Le fournisseur d’un progiciel teste le produit ainsi fabriqué pour s'assurer qu'il répond bien à quelques situations type, rédige une documentation pour les utilisateurs, organise des formations puis commercialise l'ensemble que forment le logiciel, la documentation et la formation. La vraie vie étant plus complexe qu'une liste de situations type, les DSI qui ont acheté le logiciel découvrent qu'il ne fonctionne pas bien alors même que l'on suit la documentation à la lettre : il a des « bogues ».
Vient alors le « forum »
Le fournisseur ouvre alors un « forum » pour accueillir les questions des utilisateurs. Il y publie des réponses qui sont autant de rustines qu'il faudra ajouter au logiciel et dont certaines plongent dans les profondeurs du compilateur, du système d'exploitation ou même du matériel. Progressivement, ce forum contiendra la réponse à la plupart des bogues qui se rencontrent en pratique, mais non à toutes celles que l'on peut rencontrer.
Il se trouve que les rustines, efficaces pour une version du logiciel, ne le seront pas pour les suivantes, qui arrivent tous les trois à cinq ans. Il faut alors recommencer : des questions sont de nouveau posées sur un forum, les réponses sont autant de nouvelles rustines.
Pire, une DSI renouvelle son matériel tous les cinq ans environ, car une machine qui a huit ans d'âge n'est plus suivie par le constructeur : il a fermé les services de maintenance et de support. Dans ce changement de machine, nombre des rustines ajoutées aux logiciels deviennent inopérantes et il faut les remplacer par d'autres.
Les informaticiens s'épuisent ainsi, sous la pression des utilisateurs, à faire fonctionner des machines qui deviennent instables, des logiciels bogués, en utilisant des rustines dont l'empilement est de plus en plus complexe.
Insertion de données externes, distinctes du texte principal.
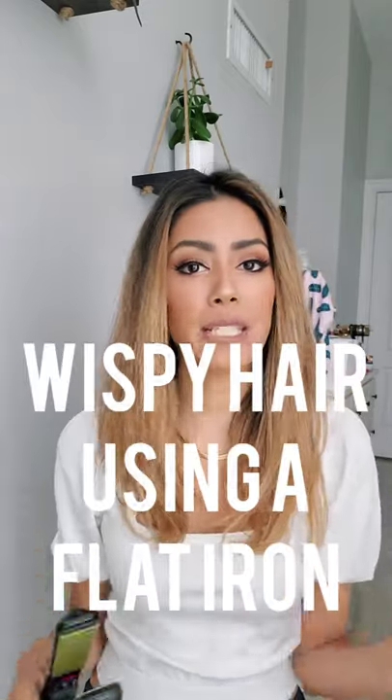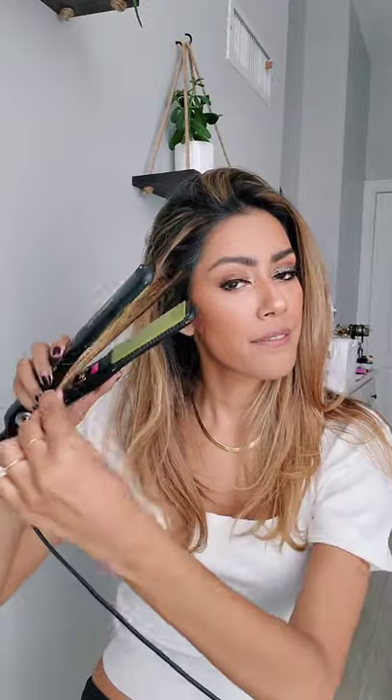Hi guys, welcome back to another IGTV. Today I'm going to show you guys how to do little wisps with a flat iron. This is just freshly blow-dried hair. The look I'm loving is very, very straight hair with a little wisp at the bottom. That's not the best wisp I've ever done, but we're going to do this together — I'm going to show you guys how to do this tutorial.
Leur métier qui, vu de loin, semble relever de la logique pure, est ainsi soumis à une démarche entièrement empirique.
Certes, une DSI peut limiter les dégâts en se dotant d'une infrastructure aussi stable que possible et en sélectionnant les logiciels selon la qualité et le sérieux des fournisseurs, mais cela demande un investissement dont la direction générale ne voit pas le plus souvent l'utilité, mais plutôt le coût.
Si l'informatique du chercheur est une science, celle de l'ingénieur est un art comme la médecine du généraliste : pour l’exercer il faut des bases scientifiques mais l'expérience est irremplaçable. Un DSI doit savoir trouver les bons ingénieurs, les faire travailler ensemble, leur donner envie de rester dans l’entreprise. S'il n'y parvient pas le reste sera voué à l'échec.
* *
Il est donc dommage, en pleine révolution industrielle, où il s’agit de « réindustrialiser la France » et plus profondément de réorganiser les entreprises et les administrations, que ces questions aussi concrètes que décisives ne soient même pas mentionnées par ceux qui entendent nous diriger. Il faut, au moins, en parler car « industrialiser », aujourd’hui, c’est pour une grande partie « informatiser ».